Di Desa Matotonan, acara Titi Sikerei menjadi salah satu atraksi budaya yang menonjol. Sebagaimana dituliskan pada portal Kementrian Pariwisata dan Ekonomi Kreatif, Sikerei sering disebut “dokternya orang Mentawai” karena kemampuannya mengobati masyarakat secara tradisional menggunakan tanaman dari hutan. Untuk membedakan Sikerei dengan warga biasa, mereka memiliki tato, dalam bahasa Mentawai disebut titi, yang mencerminkan strata spiritual mereka.

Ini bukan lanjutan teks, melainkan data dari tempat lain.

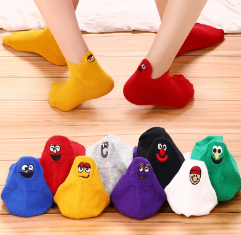 Kawaii Women Socks Fashion Ankle Funny Socks Women Cotton Embroidered Expression Candy Color Drop
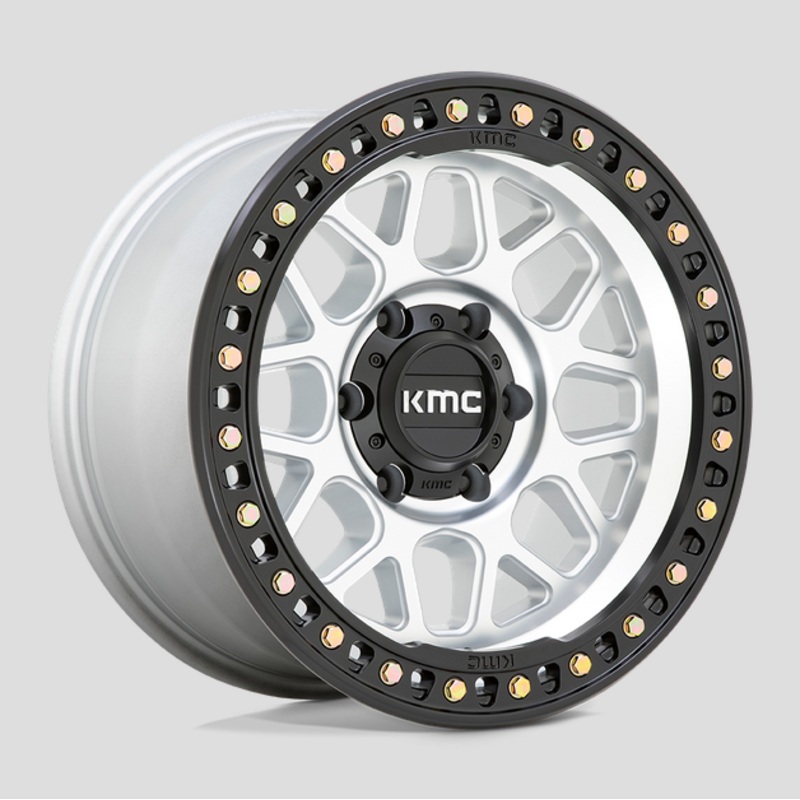 17×8.5 KMC GRS KM549 Machined w/Satin Black Lip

Peran Sikerei begitu luas, tidak hanya menyembuhkan penyakit jasmani, tetapi juga menjaga keseimbangan spiritual dan sosial. Dalam kepercayaan Arat Sabulungan yang masih ada di Mentawai, Sikerei dipercaya mampu berkomunikasi dengan roh leluhur dan alam gaib, memediasi konflik antara manusia dengan dunia non-manusia. Tanpa mereka, dinding antara alam roh dan manusia bisa melemah.
Proses menjadi Sikerei bukanlah hal yang sepele. Seseorang tak bisa langsung mengklaim menjadi Sikerei, ia harus melalui pelatihan khusus, pengetesan kemampuan spiritual, serta ritual-ritual yang ketat. Dalam masyarakat Mentawai, seseorang dianggap layak memakai titi setelah ia dewasa, terampil (misalnya berburu), dan dianggap mapan secara sosial. Seperti dijelaskan oleh Kemenparekraf, orang yang mendapat kehormatan memakai titi biasanya telah dianggap memiliki status dan tanggung jawab dalam komunitas.
Motif tatu yang ada di tubuh Sikerei bukan sekadar pola acak. Motif sibalubalu misalnya, melambangkan ikatan kuat dengan roh-roh leluhur dan kekuatan alam sekitar. Tato ini menjadi semacam “paspor spiritual” yang menunjukkan bahwa orang itu telah menempuh jalan asuhan ritual dan pengabdian.
Namun, tradisi ini menghadapi tantangan berat di era modern. Modernisasi, masuknya agama baru, dan gaya hidup kekinian membuat peran Sikerei makin terpinggirkan. Beberapa komunitas Mentawai kini memiliki sedikit sekali Sikerei aktif, dan pengetahuan ritual generasi muda sering tidak diwariskan secara utuh.
Desa Matotonan sendiri telah menjadikan Titi Sikerei sebagai bagian dari wisata budaya. Melalui atraksi ini, pengunjung bisa melihat bagaimana Sikerei melakukan ritual dan memahami makna titi. Ini juga menjadi salah satu cara bagi masyarakat lokal agar tradisi tak hilang, sekaligus membuka ruang dialog antara pengetahuan adat dan kesadaran masa kini.